Aktualny plan:
Pn:
-WL klasyczne
-MC klasyczny
-Landmine Press
-Podciąganie bez ciężaru
-5/10 minut cardio
Śr:
-Zarzut i podrzut z hantlem/Sztangą
-Wiosłowanie sztangą/Hantlą klasyczne
-Dipy z ciężarem
-Biceps
-Przedramię
-Łydki
Pt:
-OHP
-Przysiad klasyczny
-Tył ud
-Wiosłowanie do klatki piersiowej (zwykle na maszynie siedząc)
-5/10 minut cardio
Doszedłem do wyniku takim planem: Przysiad: 1x171kg, WL: 1x135kg oraz MC: 1x201kg. Waga 92kg, wzrost 173cm, wiek 24.
Zastanawiam się teraz czy nie wymienić w tym planie treningowym Przysiadu/WL oraz MC na jakieś lżejsze odpowiedniki typu: MC na trap barze, szrugsy, Wyciskanie sztangielek/sztangi na skosie oraz fronty lub przysiady na smithcie, wypychanie na suwnicy.
Oraz dodatkowo wprowadzić co drugi tydzień treningi typowo pod dane ćwiczenie typu: WL + Wiosłowanie + 1/2 lekkie akcesoria. Przysiad + Tył ud + lekkie 1/2 akcesoria.

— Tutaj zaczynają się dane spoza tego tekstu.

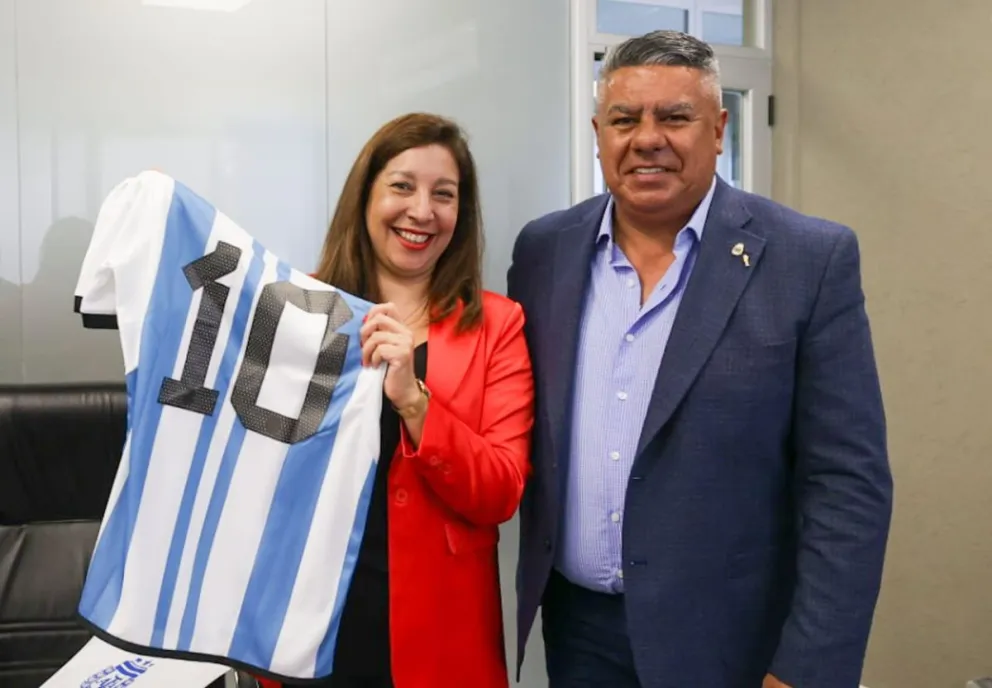 Histórico acuerdo con AFA: Bariloche será sede de finales de Futsal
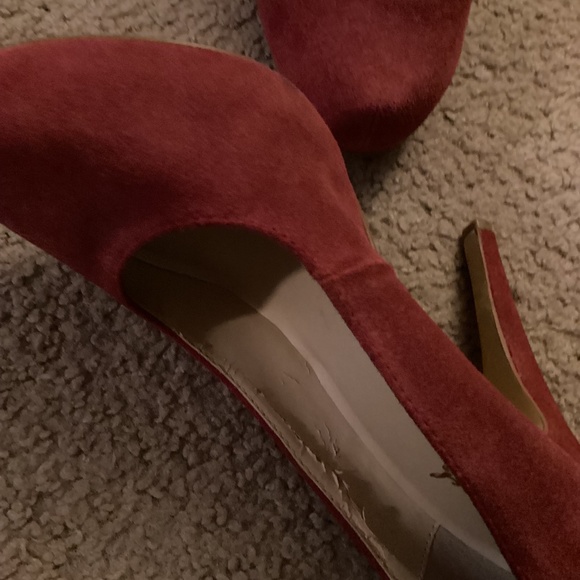 ~ Spiegel Red Suede Stiletto Pumps, SOLD AS-IS ~ - Picture 4 of 14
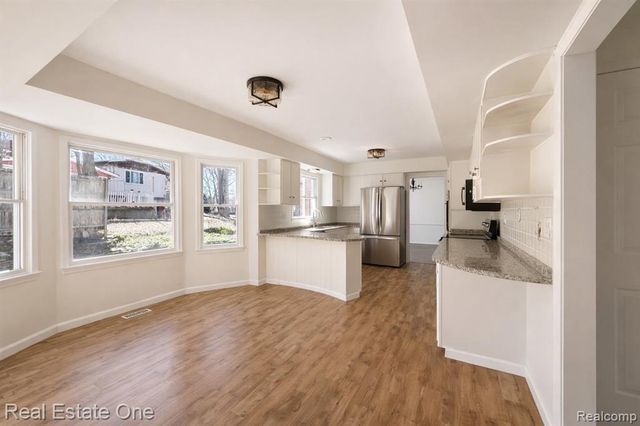 1811 Campus Court, Rochester Hills, MI 48309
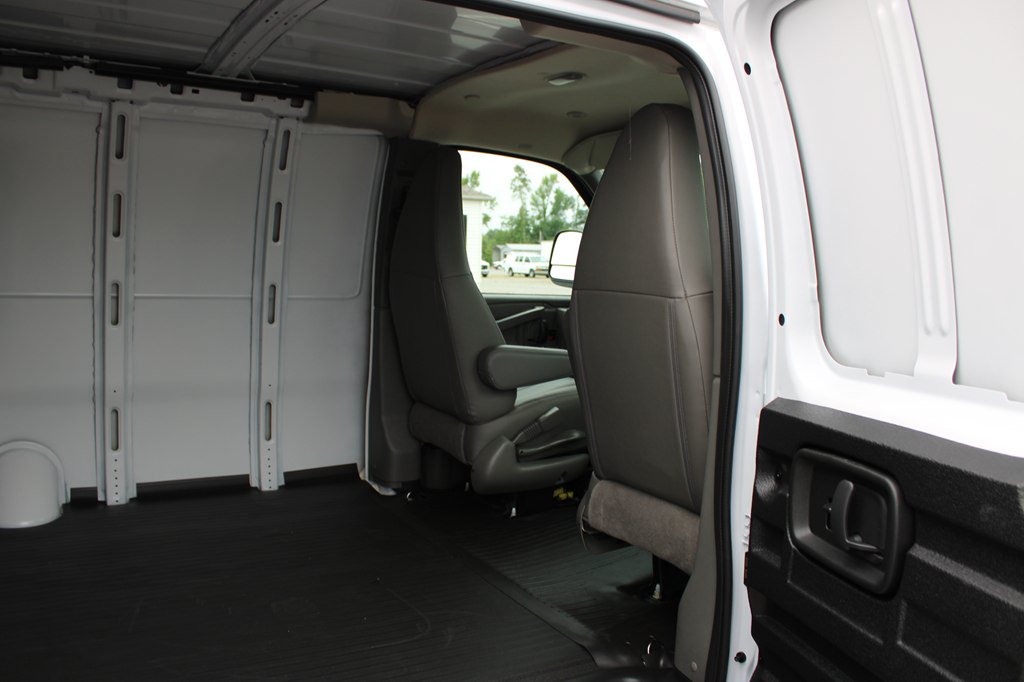 Used 2025 Chevrolet Express 2500 Extended w/ Driver Convenience Package RWD image 9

MC + (Nie wiem jakie ćwiczenie wprowadzić antagonistyczne) + 1/2 akcesoria.
Myślę o takim rozwiązaniu bo jak zrobię np 6 serii wyciskania stojąc i przysiadów + do tego 3/4 serie rozgrzewki to już nie mam siły robić reszty ćwiczeń, oczywiście nie robię tych ćwiczeń na maksa tylko np raz robię mocniej OHP a raz przysiad.
Co o tym sądzicie jak rozpisać plan aby miał ręce i nogi ? Chcę jeszcze przez 1/2 miesiące dorzucić trochę głównie na WL aby przekroczyć dla mnie te magiczne 140kg oraz przysiad aby już było pond 180kg na sztandze i wtedy rozpocząć redukcję aby zrzucić zbędne kilogramy.